The widely held argument that the money needed to renovate public schools should be spent on private schools and high-tech advanced education has become an increasingly common argument, particularly in the United States, where it is leading to the dismantling of the public system.

The professional autonomy of teachers

Another public value at stake is the professional autonomy of teachers in defining their own content according to an extremely centralized and standardized global distribution platform.

Cousera's potential for scale is driven by a commercial business model, but even in the case of non-profit MOOCs, the need to work on a global scale profoundly affects the autonomy of teachers to design courses according to their own training guidelines.

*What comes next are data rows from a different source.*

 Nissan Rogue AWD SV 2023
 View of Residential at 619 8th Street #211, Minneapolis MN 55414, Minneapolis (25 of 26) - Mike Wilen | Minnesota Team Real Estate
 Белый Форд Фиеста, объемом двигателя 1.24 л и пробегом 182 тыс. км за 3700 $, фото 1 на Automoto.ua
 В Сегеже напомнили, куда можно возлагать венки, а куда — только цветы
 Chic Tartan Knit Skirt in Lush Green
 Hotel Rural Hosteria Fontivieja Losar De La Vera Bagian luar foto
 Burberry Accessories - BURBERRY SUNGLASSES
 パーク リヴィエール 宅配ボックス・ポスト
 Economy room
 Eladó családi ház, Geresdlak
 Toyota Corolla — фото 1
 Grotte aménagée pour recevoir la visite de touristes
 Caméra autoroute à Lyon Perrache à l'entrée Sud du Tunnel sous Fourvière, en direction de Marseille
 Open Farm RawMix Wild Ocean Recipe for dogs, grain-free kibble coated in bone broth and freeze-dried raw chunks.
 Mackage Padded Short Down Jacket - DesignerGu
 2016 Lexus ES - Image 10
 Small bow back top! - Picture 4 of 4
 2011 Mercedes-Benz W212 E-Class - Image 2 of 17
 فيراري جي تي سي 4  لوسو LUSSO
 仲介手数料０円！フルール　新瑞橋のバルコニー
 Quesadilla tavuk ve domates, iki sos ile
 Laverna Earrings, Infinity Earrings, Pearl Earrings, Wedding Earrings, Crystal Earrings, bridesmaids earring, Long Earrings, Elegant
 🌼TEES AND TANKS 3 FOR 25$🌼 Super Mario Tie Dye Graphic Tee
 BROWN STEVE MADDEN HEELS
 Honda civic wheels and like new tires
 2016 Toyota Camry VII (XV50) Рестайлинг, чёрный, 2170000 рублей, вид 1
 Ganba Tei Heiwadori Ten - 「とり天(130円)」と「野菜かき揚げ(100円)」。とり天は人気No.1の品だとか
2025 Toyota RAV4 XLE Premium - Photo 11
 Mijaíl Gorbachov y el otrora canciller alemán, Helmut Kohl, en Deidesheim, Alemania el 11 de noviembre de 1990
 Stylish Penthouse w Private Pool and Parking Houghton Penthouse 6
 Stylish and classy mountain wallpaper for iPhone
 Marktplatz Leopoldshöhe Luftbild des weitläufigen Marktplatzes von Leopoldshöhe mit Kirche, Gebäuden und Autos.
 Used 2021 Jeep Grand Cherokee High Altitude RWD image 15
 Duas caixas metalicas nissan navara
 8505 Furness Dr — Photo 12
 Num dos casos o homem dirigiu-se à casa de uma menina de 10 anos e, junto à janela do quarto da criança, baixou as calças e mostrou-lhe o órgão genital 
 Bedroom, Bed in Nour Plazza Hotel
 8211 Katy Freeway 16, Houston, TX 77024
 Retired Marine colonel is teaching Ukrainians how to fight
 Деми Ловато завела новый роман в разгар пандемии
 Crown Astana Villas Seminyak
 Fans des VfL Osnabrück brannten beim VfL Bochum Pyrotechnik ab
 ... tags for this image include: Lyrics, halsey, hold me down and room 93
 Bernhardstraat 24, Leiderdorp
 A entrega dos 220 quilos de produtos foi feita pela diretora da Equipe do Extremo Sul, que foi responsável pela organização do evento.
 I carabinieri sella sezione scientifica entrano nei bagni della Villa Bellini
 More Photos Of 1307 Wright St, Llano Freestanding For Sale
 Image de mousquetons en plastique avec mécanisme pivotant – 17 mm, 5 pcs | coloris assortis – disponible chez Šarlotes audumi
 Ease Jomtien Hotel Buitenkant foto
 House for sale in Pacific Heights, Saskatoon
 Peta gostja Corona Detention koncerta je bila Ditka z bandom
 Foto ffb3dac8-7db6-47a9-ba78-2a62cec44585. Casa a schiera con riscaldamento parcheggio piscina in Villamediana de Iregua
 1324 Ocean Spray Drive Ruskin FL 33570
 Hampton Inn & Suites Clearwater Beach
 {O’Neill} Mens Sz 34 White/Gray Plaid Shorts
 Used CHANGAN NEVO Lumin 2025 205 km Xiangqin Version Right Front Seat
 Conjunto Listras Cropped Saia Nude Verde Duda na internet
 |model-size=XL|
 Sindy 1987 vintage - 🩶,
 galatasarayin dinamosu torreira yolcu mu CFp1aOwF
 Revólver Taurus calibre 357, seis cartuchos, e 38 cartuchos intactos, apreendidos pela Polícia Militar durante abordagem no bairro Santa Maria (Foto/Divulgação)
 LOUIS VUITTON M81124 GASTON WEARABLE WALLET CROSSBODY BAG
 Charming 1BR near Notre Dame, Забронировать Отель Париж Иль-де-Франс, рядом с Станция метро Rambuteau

For example, edX is the largest non-profit MOOC company. Unlike Coursera, edX initially resisted the push from venture capitalists to scale out and make quick profits, which allowed it to focus on experimenting and collaborating with educators to develop a sustainable online environment.

Yet he demonstrated in his ethnographic study of edX practices, within a few years, the "architects of edX" have increased pressure to increase platform scalability and global standardization.

Meanwhile, the educators and college administrations involved have seen a progressive decline in their "ability to set the agenda and steer the course of software").

edX system architects admit they struggle with the dual needs of satisfying their customers and addressing the demands of the wider community (eg, the open source community and researchers).

The issue of accountability

Finally, the third public value under discussion is accountability: the role of independent accreditation and certification institutions in protecting the value of educational credits and qualifications.

To a large extent, the regulation of quality standards in education is still managed by national agencies and, especially in Europe, by government institutions subject to democratic control.

Platformisation, in a connected world, could lead to the privatization of certification and accreditation systems.

Coursera is in some ways interested in setting international standards for credits and exams; just as Facebook intends to offer a standard for identity verification, Coursera aims to conquer the gatekeeping position in the accreditation and certification sector.

Since Coursera operates on a global scale while many accreditation schemes are still governed by national or supranational (European) agencies, there is a potentially profitable market.

Uber and Airbnb have proven they can destabilize entire industries by fighting regulatory conflicts at the national or local level; by setting up its own accreditation system, Coursera could easily circumvent the current legislation and consequently compromise the governance of the public sector.